* **What you need to do**: Somewhere below is a line with "Automotive Cars Keighley" and, later, a line with "300 E Rusk St"; repeat those two lines and all the lines between them, exactly as they are.

*** Material for the task ***

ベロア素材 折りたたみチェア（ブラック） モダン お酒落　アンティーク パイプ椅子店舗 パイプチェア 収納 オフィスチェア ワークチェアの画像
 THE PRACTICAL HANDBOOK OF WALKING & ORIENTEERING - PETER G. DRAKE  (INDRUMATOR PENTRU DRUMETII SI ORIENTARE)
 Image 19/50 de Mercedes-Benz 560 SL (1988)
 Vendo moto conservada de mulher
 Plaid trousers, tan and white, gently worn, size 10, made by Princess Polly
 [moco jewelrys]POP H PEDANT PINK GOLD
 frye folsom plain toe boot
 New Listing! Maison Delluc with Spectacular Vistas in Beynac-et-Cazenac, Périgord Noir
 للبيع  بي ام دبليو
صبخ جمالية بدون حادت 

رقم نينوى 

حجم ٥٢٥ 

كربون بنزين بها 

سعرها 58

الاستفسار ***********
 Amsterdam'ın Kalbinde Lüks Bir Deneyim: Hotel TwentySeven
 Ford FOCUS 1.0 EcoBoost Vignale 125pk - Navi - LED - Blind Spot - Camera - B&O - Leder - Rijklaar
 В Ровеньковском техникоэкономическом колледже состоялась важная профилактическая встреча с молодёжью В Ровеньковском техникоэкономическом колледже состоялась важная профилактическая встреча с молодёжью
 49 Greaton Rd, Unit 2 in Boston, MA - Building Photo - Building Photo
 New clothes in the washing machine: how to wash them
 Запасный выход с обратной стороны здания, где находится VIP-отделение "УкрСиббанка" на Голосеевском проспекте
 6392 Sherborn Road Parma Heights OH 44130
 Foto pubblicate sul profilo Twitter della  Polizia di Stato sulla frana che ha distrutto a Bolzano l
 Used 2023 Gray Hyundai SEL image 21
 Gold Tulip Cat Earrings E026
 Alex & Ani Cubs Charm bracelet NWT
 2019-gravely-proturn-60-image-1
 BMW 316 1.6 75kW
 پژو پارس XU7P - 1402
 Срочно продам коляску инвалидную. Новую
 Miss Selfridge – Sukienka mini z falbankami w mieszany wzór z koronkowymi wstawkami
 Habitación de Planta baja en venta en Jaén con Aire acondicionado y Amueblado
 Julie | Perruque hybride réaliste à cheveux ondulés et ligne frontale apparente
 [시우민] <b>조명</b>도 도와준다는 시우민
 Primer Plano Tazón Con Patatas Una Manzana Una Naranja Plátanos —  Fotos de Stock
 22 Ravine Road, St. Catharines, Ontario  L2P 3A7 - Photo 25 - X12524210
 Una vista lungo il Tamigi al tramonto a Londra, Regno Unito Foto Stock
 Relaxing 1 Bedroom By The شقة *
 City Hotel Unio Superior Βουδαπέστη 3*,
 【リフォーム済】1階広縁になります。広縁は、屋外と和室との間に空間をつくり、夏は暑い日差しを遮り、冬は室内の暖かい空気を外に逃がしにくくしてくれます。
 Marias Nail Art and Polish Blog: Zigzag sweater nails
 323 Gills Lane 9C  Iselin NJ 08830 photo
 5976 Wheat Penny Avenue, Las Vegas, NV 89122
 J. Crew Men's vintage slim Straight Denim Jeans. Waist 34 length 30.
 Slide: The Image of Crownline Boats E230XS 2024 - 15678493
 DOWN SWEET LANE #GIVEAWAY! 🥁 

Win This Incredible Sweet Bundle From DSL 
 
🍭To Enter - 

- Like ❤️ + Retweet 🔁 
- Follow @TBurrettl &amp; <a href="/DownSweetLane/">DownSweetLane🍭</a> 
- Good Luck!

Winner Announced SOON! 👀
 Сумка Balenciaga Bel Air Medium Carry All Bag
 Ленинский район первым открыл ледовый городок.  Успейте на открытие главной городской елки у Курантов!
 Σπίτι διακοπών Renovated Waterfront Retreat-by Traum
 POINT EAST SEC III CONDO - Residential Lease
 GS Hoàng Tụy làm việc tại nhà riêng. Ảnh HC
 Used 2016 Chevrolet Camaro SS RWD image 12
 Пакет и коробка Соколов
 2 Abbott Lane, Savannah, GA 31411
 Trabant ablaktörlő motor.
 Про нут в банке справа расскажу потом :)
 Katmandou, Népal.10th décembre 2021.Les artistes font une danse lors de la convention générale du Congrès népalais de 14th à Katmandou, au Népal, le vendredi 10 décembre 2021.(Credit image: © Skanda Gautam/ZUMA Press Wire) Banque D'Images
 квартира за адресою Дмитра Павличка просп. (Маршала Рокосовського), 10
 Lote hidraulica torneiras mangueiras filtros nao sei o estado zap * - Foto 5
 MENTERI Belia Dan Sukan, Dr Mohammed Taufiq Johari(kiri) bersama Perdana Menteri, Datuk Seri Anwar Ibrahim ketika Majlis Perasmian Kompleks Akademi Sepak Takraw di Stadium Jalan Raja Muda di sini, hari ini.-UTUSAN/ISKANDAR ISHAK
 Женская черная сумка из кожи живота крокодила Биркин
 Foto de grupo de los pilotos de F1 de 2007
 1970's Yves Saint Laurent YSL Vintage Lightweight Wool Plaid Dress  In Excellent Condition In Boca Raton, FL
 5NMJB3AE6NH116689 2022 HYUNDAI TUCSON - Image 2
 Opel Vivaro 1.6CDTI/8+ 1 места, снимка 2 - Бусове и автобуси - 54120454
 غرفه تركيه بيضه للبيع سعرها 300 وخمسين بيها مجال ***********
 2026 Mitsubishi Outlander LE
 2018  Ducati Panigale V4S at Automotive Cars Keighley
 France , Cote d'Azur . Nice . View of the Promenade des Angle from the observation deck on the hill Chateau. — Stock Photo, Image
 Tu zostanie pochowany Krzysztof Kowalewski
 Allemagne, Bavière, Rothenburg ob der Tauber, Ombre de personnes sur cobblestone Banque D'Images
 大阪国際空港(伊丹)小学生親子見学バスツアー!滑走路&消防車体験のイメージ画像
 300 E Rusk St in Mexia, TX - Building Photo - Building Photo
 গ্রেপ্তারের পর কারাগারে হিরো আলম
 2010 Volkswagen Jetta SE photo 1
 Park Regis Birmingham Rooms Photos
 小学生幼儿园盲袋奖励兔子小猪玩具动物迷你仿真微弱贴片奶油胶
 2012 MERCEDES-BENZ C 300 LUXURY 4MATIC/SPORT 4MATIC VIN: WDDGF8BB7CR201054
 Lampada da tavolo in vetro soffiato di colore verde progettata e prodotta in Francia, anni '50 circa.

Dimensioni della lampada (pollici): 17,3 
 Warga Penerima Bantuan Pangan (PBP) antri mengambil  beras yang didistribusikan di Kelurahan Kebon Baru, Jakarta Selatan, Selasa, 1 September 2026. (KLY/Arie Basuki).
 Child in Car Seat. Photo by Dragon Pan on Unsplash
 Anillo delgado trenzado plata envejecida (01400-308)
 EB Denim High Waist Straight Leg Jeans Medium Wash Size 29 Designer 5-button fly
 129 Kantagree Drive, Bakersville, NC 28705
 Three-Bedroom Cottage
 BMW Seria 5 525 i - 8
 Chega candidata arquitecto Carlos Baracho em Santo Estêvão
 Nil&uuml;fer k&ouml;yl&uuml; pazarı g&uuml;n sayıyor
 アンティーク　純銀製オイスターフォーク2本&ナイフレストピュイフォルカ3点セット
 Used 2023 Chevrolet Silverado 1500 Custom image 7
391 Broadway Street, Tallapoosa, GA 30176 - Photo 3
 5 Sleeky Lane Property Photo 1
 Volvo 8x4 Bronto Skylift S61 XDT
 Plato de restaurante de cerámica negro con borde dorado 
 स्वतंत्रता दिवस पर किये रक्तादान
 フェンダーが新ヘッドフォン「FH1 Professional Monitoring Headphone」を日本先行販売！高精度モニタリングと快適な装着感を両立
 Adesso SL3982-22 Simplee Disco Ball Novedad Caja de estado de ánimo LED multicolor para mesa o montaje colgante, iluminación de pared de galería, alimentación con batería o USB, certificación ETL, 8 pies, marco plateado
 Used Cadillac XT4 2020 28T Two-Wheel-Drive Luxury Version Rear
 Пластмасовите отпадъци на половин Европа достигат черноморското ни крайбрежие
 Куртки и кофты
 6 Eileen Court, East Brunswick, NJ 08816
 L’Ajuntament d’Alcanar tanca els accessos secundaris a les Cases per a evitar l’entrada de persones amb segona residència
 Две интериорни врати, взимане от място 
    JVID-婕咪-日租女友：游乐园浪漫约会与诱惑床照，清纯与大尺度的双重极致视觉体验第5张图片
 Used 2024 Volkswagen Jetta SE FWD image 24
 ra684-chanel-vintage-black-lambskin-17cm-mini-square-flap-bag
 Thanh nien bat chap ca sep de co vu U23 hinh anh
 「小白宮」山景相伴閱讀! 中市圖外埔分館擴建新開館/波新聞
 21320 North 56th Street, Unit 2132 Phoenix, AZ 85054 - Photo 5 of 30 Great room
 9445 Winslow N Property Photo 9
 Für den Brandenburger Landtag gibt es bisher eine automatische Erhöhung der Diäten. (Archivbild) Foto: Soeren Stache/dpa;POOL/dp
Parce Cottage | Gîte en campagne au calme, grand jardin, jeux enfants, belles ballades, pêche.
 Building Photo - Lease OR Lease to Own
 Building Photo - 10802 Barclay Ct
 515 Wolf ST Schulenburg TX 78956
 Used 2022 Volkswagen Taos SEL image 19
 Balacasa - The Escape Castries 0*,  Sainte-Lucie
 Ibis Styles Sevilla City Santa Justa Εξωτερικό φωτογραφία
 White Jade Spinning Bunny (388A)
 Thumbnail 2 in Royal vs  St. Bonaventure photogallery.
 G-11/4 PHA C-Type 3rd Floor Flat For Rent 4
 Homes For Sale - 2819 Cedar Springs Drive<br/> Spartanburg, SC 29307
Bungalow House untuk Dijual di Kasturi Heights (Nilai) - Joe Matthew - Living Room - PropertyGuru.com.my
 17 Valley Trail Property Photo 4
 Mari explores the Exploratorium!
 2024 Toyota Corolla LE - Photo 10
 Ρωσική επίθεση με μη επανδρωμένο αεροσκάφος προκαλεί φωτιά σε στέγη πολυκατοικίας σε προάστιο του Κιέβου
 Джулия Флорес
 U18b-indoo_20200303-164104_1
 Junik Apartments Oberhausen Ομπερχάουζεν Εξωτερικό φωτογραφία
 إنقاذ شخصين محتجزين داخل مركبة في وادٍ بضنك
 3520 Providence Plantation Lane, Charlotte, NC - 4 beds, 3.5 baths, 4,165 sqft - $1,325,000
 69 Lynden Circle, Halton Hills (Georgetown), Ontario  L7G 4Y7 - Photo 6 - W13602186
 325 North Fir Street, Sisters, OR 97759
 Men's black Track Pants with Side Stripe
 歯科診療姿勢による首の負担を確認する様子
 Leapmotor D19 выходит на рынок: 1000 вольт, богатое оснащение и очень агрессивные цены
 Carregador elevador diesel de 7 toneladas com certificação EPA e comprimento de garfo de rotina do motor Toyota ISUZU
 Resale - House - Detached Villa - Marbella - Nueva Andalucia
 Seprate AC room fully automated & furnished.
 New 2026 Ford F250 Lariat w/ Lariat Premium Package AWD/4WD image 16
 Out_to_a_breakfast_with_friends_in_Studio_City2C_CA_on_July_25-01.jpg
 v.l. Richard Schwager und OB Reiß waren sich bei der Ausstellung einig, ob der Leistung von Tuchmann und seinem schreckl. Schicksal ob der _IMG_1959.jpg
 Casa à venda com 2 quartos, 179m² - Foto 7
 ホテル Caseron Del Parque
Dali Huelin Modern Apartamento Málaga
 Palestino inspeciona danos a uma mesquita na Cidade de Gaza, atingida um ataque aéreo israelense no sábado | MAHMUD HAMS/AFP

*** End of Material for the task ***

* **Answer space**:
 2018  Ducati Panigale V4S at Automotive Cars Keighley
 France , Cote d'Azur . Nice . View of the Promenade des Angle from the observation deck on the hill Chateau. — Stock Photo, Image
 Tu zostanie pochowany Krzysztof Kowalewski
 Allemagne, Bavière, Rothenburg ob der Tauber, Ombre de personnes sur cobblestone Banque D'Images
 大阪国際空港(伊丹)小学生親子見学バスツアー!滑走路&消防車体験のイメージ画像
 300 E Rusk St in Mexia, TX - Building Photo - Building Photo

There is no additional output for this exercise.